Bayanihang Eskwela 2 counted as stakeholders, on the government side, the Department of Education (DepEd), Department of Public Works and Highways (DPWH), Office of the Ombudsman, and the Civil Service Commission (CSC). Civil society partners were the Boy Scouts of the Philippines (BSP) and the Girl Scouts of the Philippines (GSP).
For Bayanihang Eskwela 2, G-Watch established constituencies in 24 school building project monitoring areas: 10 in Batangas and Quezon Provinces, and in cities in Metropolitan Manila; 4 in Negros Occidental Province; and, 10 in Mindanao, including Maguindanao Province. The project also established some 20 Community-based Monitoring Teams. Members of these teams came from the Boy Scouts, Girl Scouts, Parent-Teacher Associations, school officiers, and local Engineering Offices of the DPWH.
UNDP supported the project under its “Building Integrity in the System of Governance project for the Philippines”, which ended December 2009. Managing partner of the UNDP was the Civil Service Commission.
Bayanihang Eskwela 2 ensured that quality school building projects in its project areas were constructed in areas where they were most needed, particularly in schools that were low performing and had acute shortages in school facilities. It convened both private and public sectors in a joint monitoring effort that used clear, simple and easy-to-use monitoring tools.

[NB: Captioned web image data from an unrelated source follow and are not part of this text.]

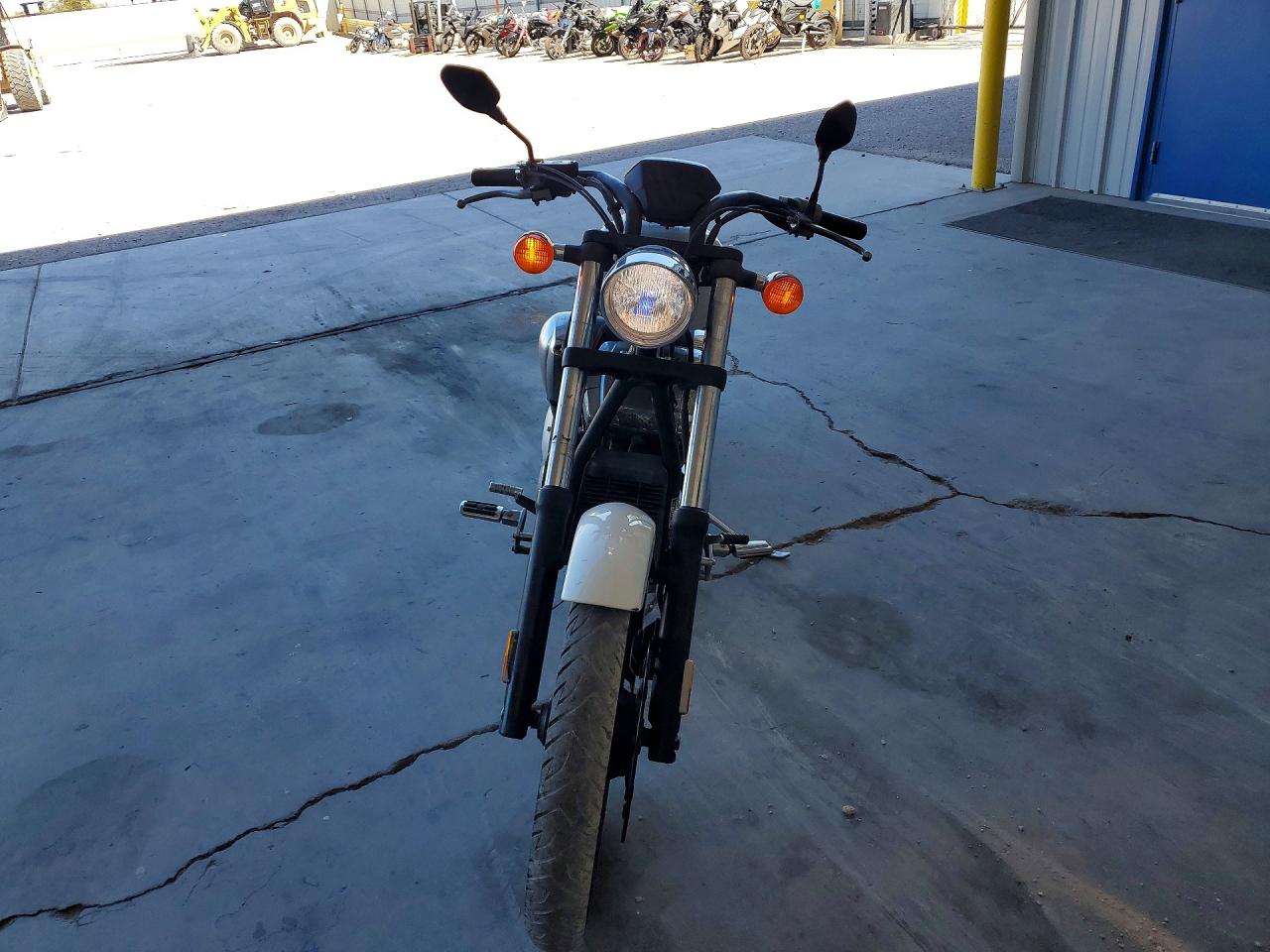 2011 Honda Vt cycle VIN JH2SC6144BK000599 photo 2
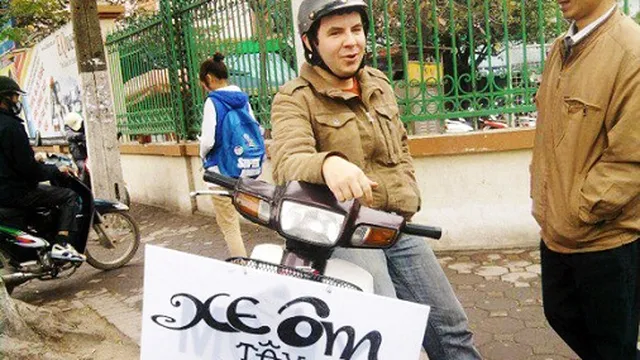 Khi "Tây" hành nghề xe ôm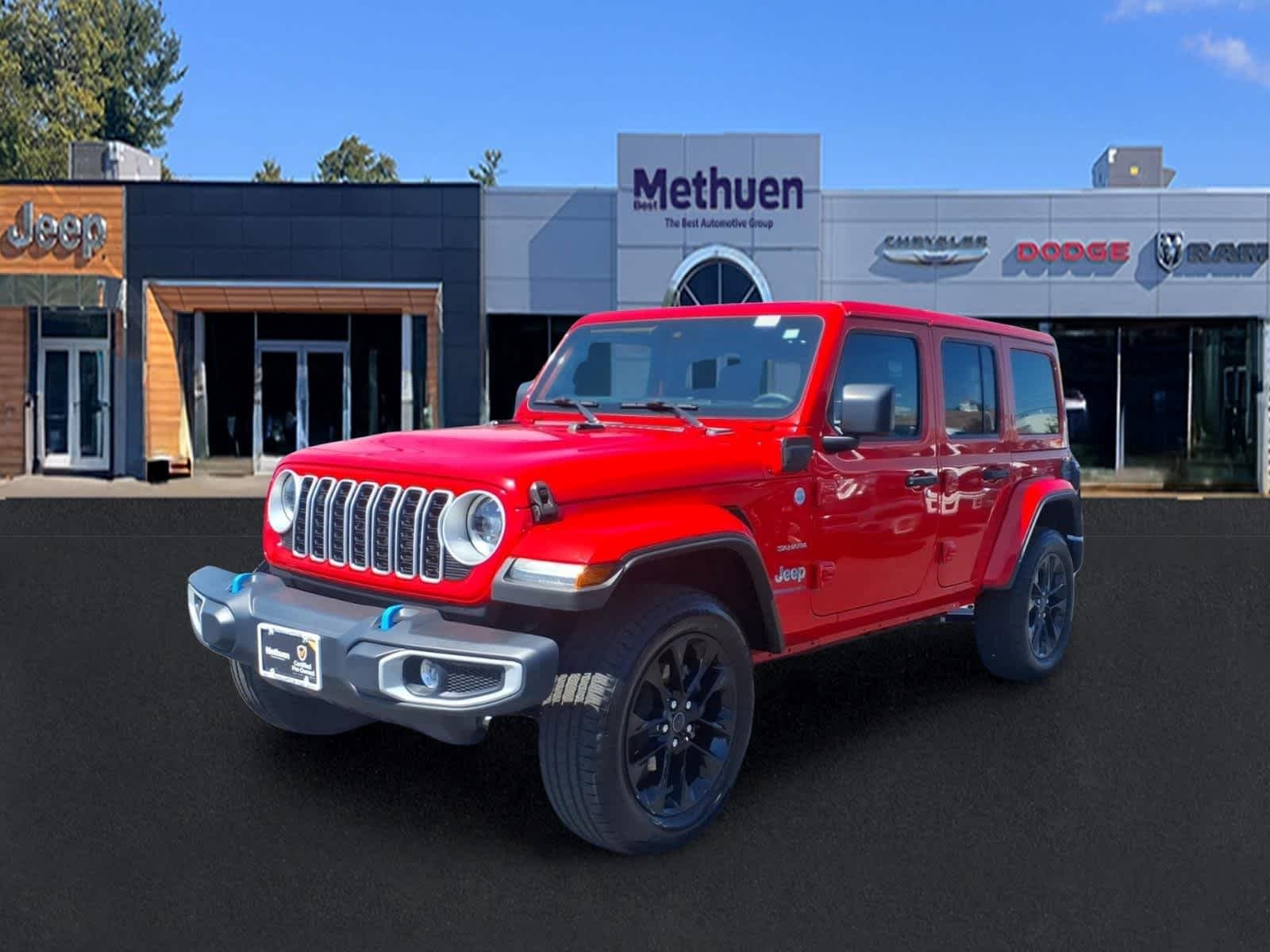 Used 2024 Firecracker Red Clearcoat Jeep Sahara image 9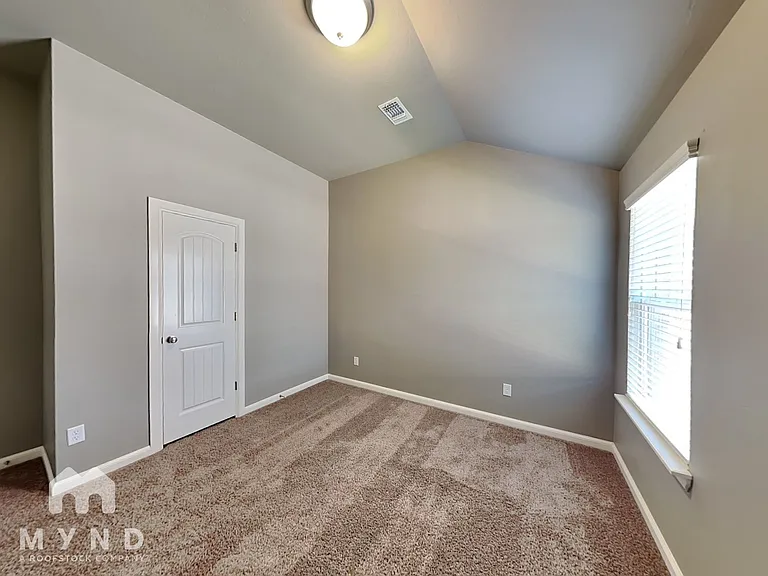 1109 Merlin Dr — Photo 18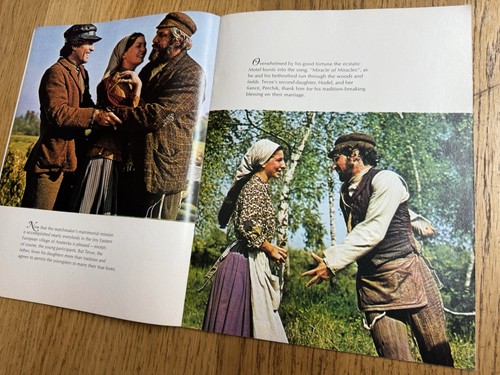 Original 1971 Fiddler on the Roof Film Book Souvenir United Artists - TOPOL - Picture 10 of 15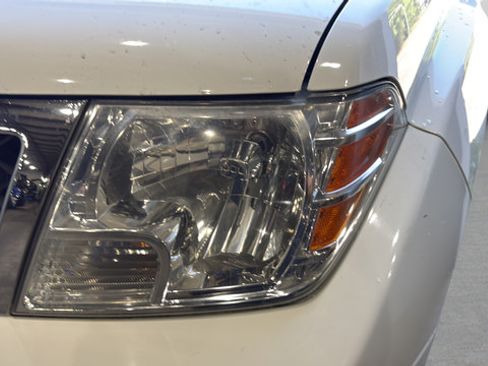 Used 2019 Nissan Frontier SV RWD image 33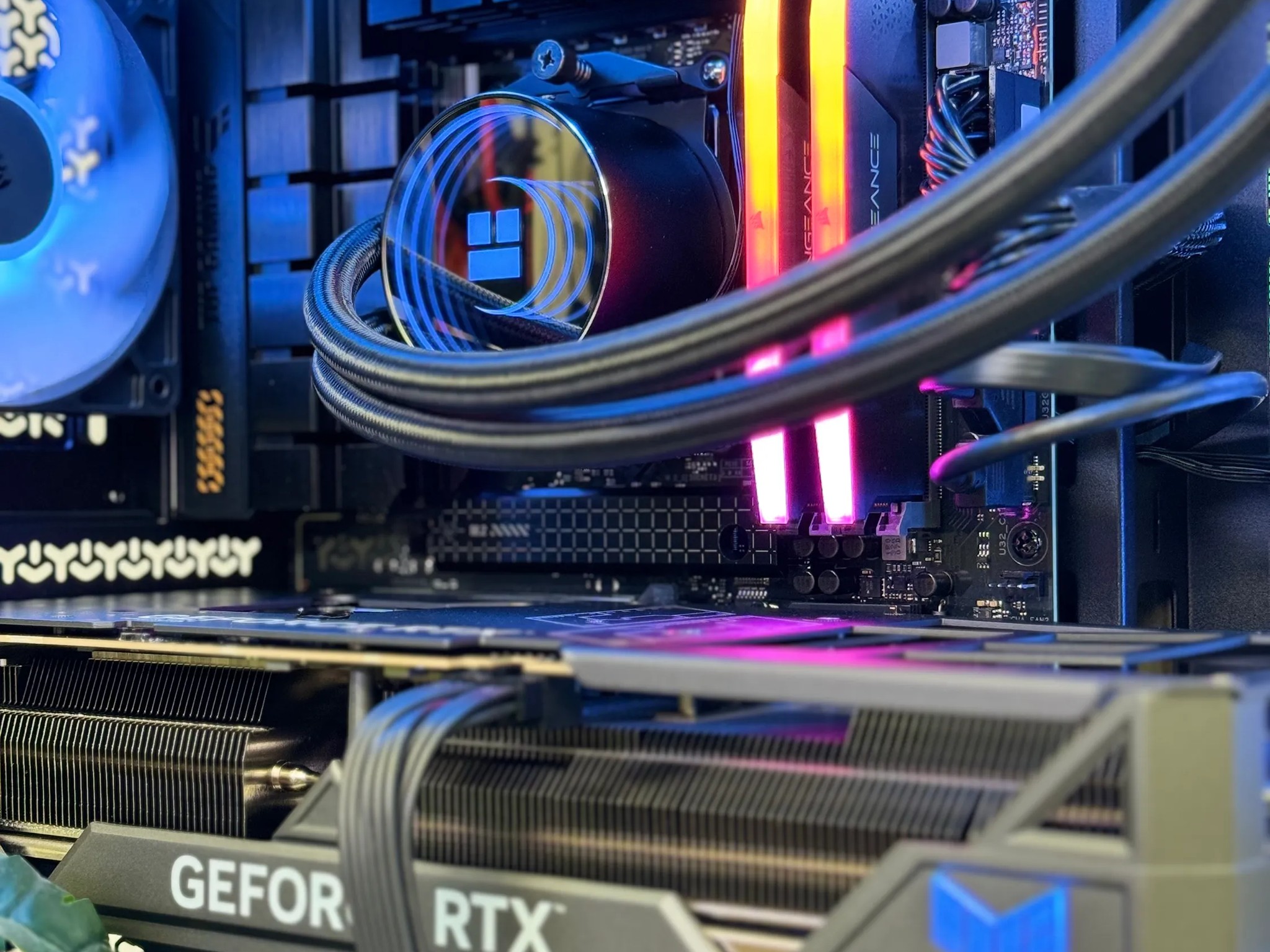 Dominator Super Gaming PC | Asus 4080 SUPER OC 7800x3D WD Black 2TB Corsair 32GB DDR5 Corsair 1000w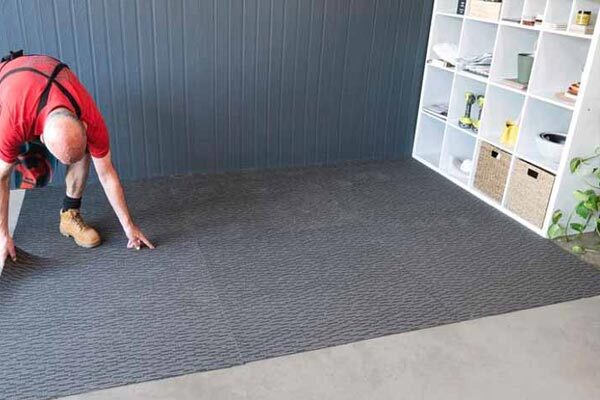 7 —rubber-floor
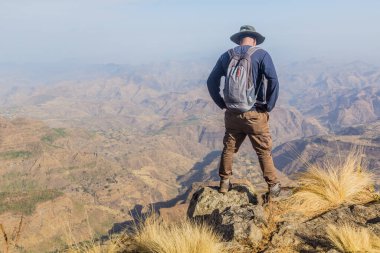 SIMIEN MOUNTAINS, ETHIOPIA - 16 Mart 2019: Simien dağlarındaki kuzey yamaçlarına bakan yerel rehber, Etiyopya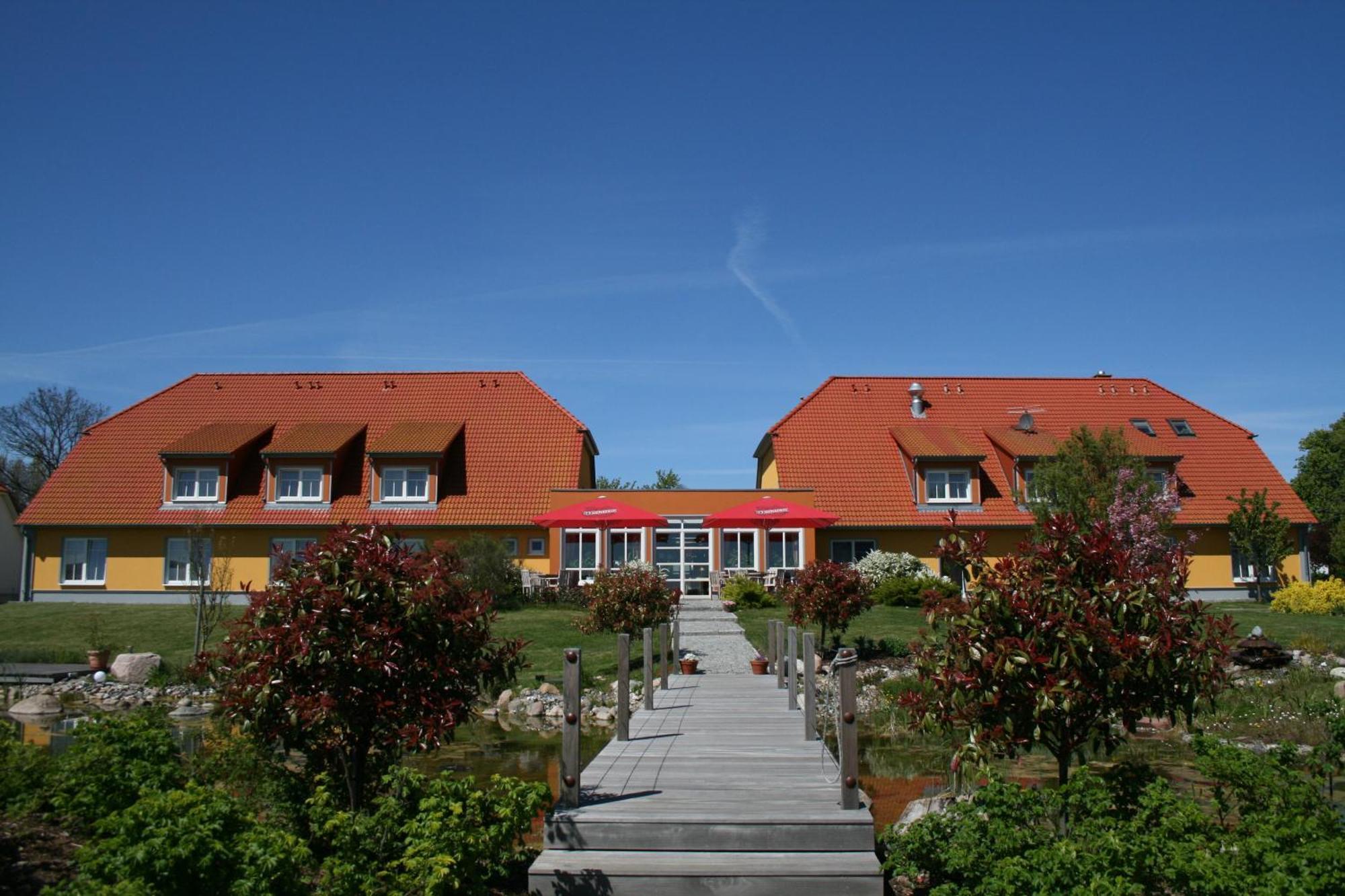 Hotel&Restaurant Zum Kap Arkona Putgarten Bagian luar foto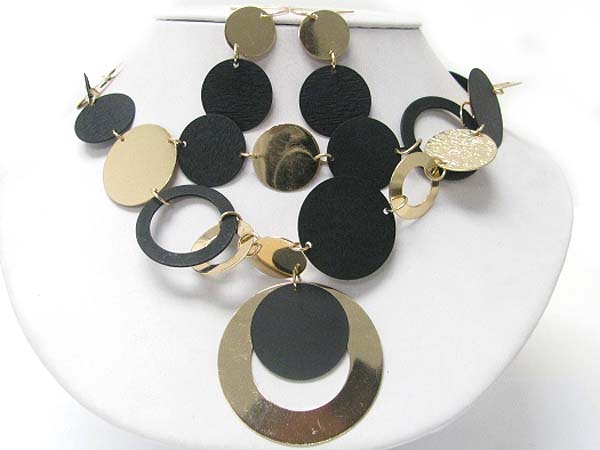 Multi metal and acryl thin disk dangle necklace earring set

The project trained school heads, parent-teacher associations, and representatives of Girl and Boy Scouts in the use of a monitoring tool to check the bidding and construction of their school building. The tool included indicators such as adherence to specific procurement rules, quality of materials used, and presence of specifications included in the contract. It covered all stages of school building construction—from procurement to post-construction.
Bayanihang Eskwela 2 made critical government procurement processes transparent and helped to prevent corruption. Contractors became more responsive to government and community needs by correcting errors detected by volunteer monitors. Community involvement was vital in ensuring quality public services and in educating citizens of their important role in good governance.
Government agencies involved in Bayanihang Eskwela have been welcoming of the project. "Civil society organizations play a crucial role in calling the attention of the government when targets are not met," says DPWH Undersecretary Bashir Rasuman. According to one report, the DPWH admits that it can monitor only 10-15% of the estimated 30,000 school building projects it carries out every year.
In a report on Bayanihang Eskwela, the Civil Service Commission said the project helped to reduce the opportunity for corrupt transactions. At the same time, it increased the likelihood that these will be reported. The CSC also noted improved efficiency in and higher quality standard of school building construction projects owing to Bayanihang Eskwela.
The CSC has recommended another round of Bayanihang Eskwela 2 for future school building projects in other areas. Among its action plans is to institutionalize Bayanihang Eskwela 2 as a program of the DPWH and the DepEd, especially in areas where there is acute shortage in school buildings and facilities.
Dr Antonio La Viña, Dean of the Ateneo School of Government, believes this project not only prevented corruption in government, but also makes contractors more responsive to their clients. It established benchmarks in DepEd and DPWH performance and empowered local communities in checking delivery of public school services. “The focus of Bayanihang Eskwela was not fault-finding. The focus was to deliver the services,” he adds.